By Joe Concannon, Globe Staff, 02/12/1985

They used to be the Beanpot's beloved underdogs, the city's rank outsiders on these two Monday nights in February. They had been the perennial also-rans through 27 years of the Beanpot until Wayne Turner ended the era of embarrassment with a wondrous overtime goal five years ago.

What that did for hockey at Northeastern was immeasurable, but what it did for the Huskies in terms of the Beanpot was even more compelling. Those underdogs from Huntington avenue have become the unquestioned class of the Beanpot, the team to beat in the Eighties.
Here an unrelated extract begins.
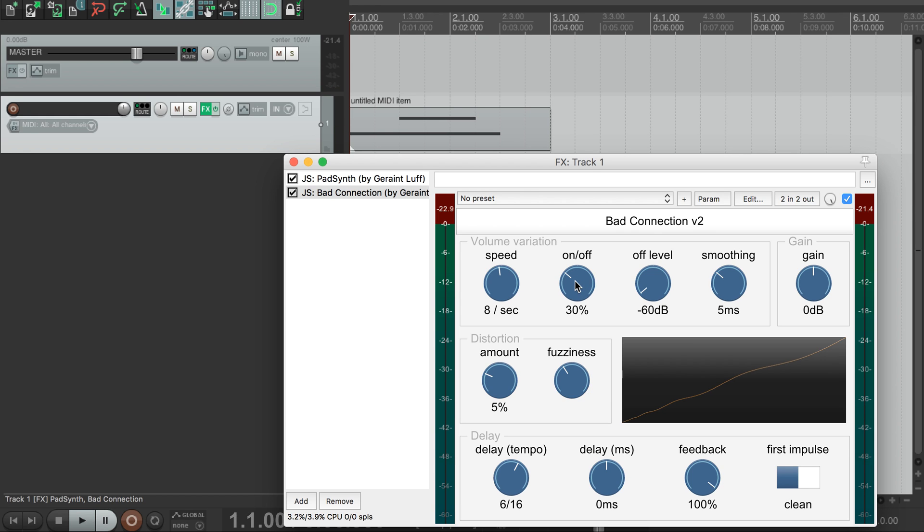We can make this decay happen faster or slower by changing the on-off dial, which determines what proportion of the time the feedback spends cutting out.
In the latest of these Beanpot curtain calls in front of the tournament's 15th straight sellout crowd - which numbered 14,451 last night in steamy Boston Garden - Northeastern rode the goaltending acrobatics of freshman Bruce Racine and two third-period goals by Mark Lori to a rousing 4-2 victory.

The Huskies became the first team to successfully defend a Beanpot title since BU did it in 1979. And after going 27 years without a Beanpot, NU has won three out of the last six.

"I really didn't know if we could do it this year," said NU captain Jim Averill. "But . . . two in a row . . . the record books."

The game was the Beanpot at its very best, two teams that practice and play at opposite sides of the Fens going at it for the championship of the city. The rejection of NU's bid to join the Yankee Conference in football, apparently engineered by a BU-led coalition, has fueled the rivalry. As Averill said, however, "Hockey's hockey, football's football."

A shot that didn't go in was the tipoff that the Huntington Hounds were knocking on the door and about to kick it down. Lori, from Windsor, Ontario, the latest member of NU's underground-railroad-in-revers e that has included Ken Manchurek and linemate Rod Isbister, had put a point-blank shot on BU goaltender Bob Deraney in a 2-2 game early in the third period. "I was getting frustrated," Lori said, "but my time would come."

Indeed. Isbister created the go-ahead goal when he forechecked BU's Jay Octeau and Octeau's pass was intercepted by Lori. He cut in front and put a backhander past Deraney at 10 minutes, 28 seconds of the period. "Izzie forced him to make a bad pass," said Lori. "He picked a defenseman. I was one-on-one with the goalie. I shot it low and got it through."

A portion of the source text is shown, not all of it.